2 The procedure
2.1.1 Parkinson's disease is a chronic disease of the brain characterised by gradually worsening tremor, muscle rigidity and difficulties with starting and stopping movements. The condition is usually treated with drugs. Surgery may be considered in people who have responded poorly to drugs, who have severe side effects from medication or who have severe fluctuations in response to drugs (on–off syndrome).
2.1.2 Parkinson's disease is common, affecting about 0.5% of people aged 65 to 74 years and 1–2% of people aged 75 years and older. Experts believe that 1–10% of people with Parkinson's disease might be suitable for brain surgery.
2.1.3 Surgery for Parkinson's disease is carried out on structures within the brain that are responsible for the modification of movements, such as the thalamus, the globus pallidus and the subthalamic nucleus. Each of these structures consists of two parts: one on the left hand side of the brain and one on the right. Surgery may be carried out on one or both sides.
2.1.4 Surgical treatment aims to correct the imbalance created by diminished function of the substantia nigra, the underlying abnormality in Parkinson's disease. Surgery alters, through either destruction or electrical stimulation, the function of brain nuclei – such as the thalamus, globus pallidus or subthalamus – that interact functionally with the substantia nigra. Deep brain stimulation is one form of surgery for Parkinson's disease.
2.2.1 This procedure involves inserting very fine needles into the brain through small holes made in the skull to determine the exact position of the nucleus to be stimulated, which may be different in each patient. This part of the procedure is usually carried out under local anaesthetic. Once the nucleus is identified, a permanent electrode is placed into it. Under general anaesthetic, this electrode is then connected to a pulse generator, which is implanted subcutaneously on the anterior chest wall.

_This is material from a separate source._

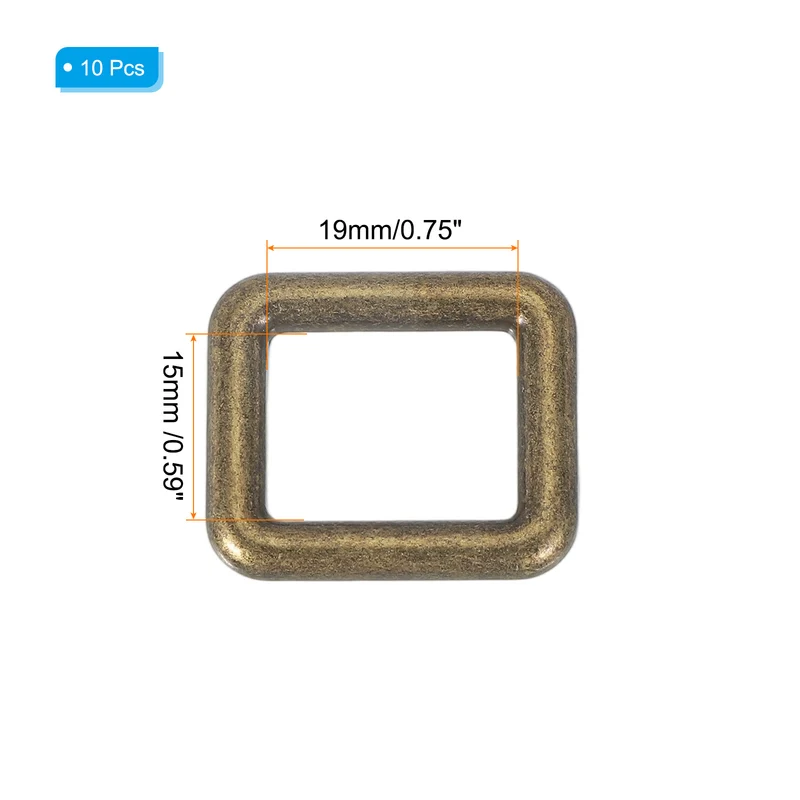 10 Pcs Metal Rectangle Rings Buckle, 19mm Slider Strap Fastener, Copper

2.3.1 The evidence suggested that deep brain stimulation results in improved motor skills, function and movement in patients with Parkinson's disease. For more details refer to 'Sources of evidence'.

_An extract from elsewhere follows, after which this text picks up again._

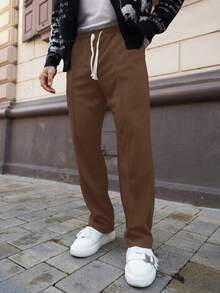 Artur Kramer Men's Solid Color Drawstring Waist Casual Pants - Coffee Brown - View 5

2.3.2 The Specialist Advisors considered the procedure to be established practice within specialised units. They did not question short-term efficacy, but commented that long-term efficacy was unknown. One Specialist Advisor commented that careful selection of patients was crucial to maximise the chances of success of the procedure.
2.4.1 The complications associated with deep brain stimulation include risk of stroke, confusion, speech disorders and visual problems. In the two largest studies, involving 102 and 111 patients, the incidence of stroke was approximately 3%. For more details refer to 'Sources of evidence'.
2.4.2 The Specialist Advisors noted that all procedures involving deep brain stimulation carried similar risks. They considered the procedure to be safe if performed by a multidisciplinary team in a neuroscience unit. The team should include a neurologist and a neurosurgeon, and the unit should have facilities for psychological assessment and, ideally, neurophysiology.